DATA BLOCK =>

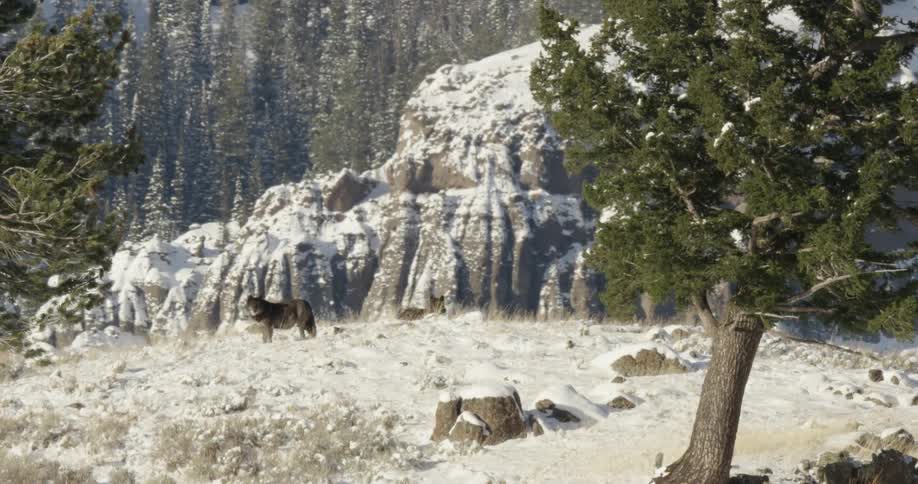 A wolf stands in a snowy clearing surrounded by snowcovered rocks and pine trees in the mountains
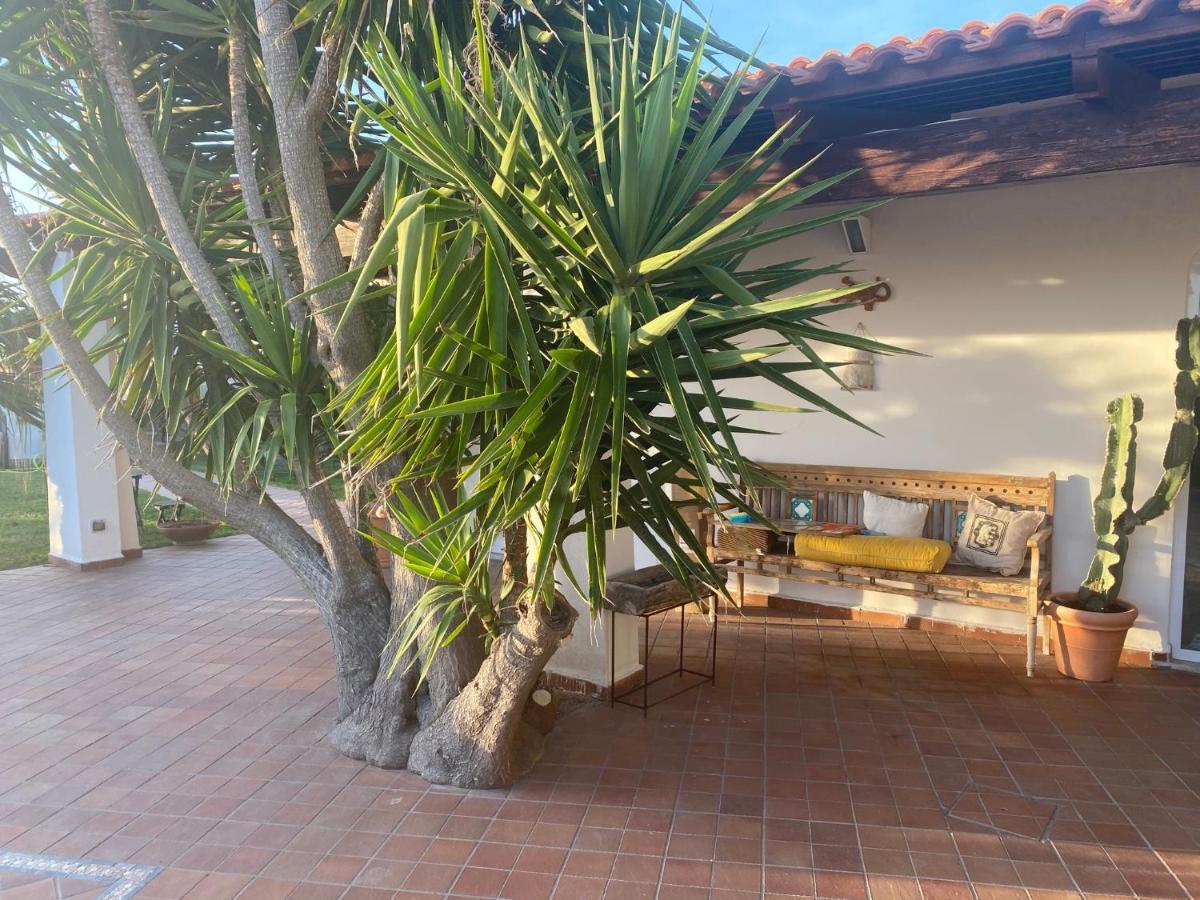 Dimorra Sun And Relax Villa Forio  Bagian luar foto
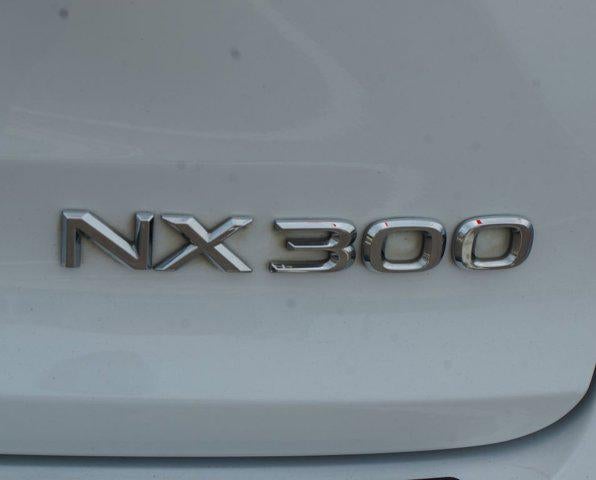 2020 Lexus NX NX 300 F SPORT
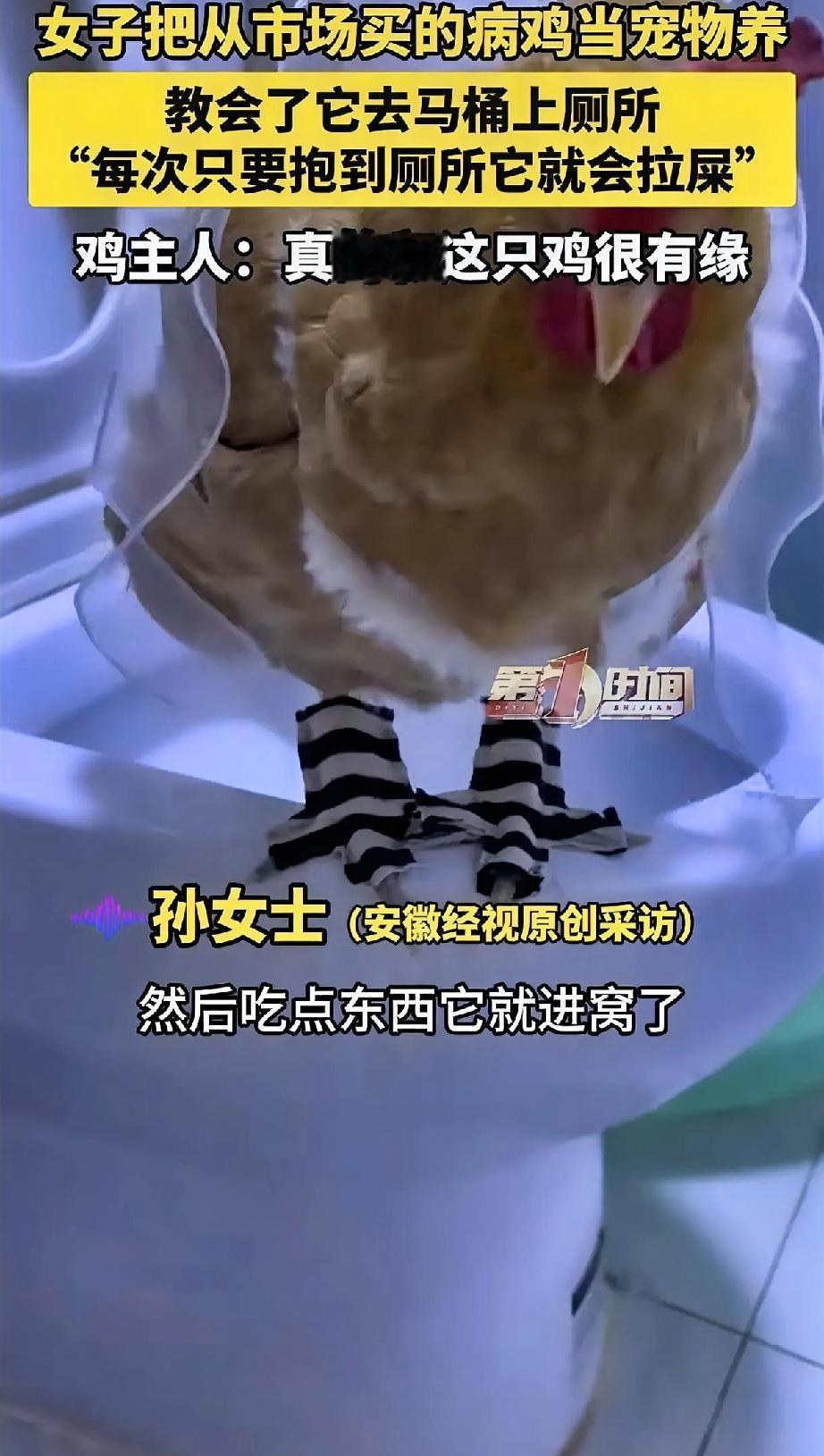 成精了！2月5日，江苏淮安，一女子从市场买了一只鸡回家准备杀了吃，到家后发现鸡有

PROBLEM =>
The images are to be left out; every line above should be set down exactly.

SOLUTION =>
 A wolf stands in a snowy clearing surrounded by snowcovered rocks and pine trees in the mountains
 Dimorra Sun And Relax Villa Forio  Bagian luar foto
 2020 Lexus NX NX 300 F SPORT
 成精了！2月5日，江苏淮安，一女子从市场买了一只鸡回家准备杀了吃，到家后发现鸡有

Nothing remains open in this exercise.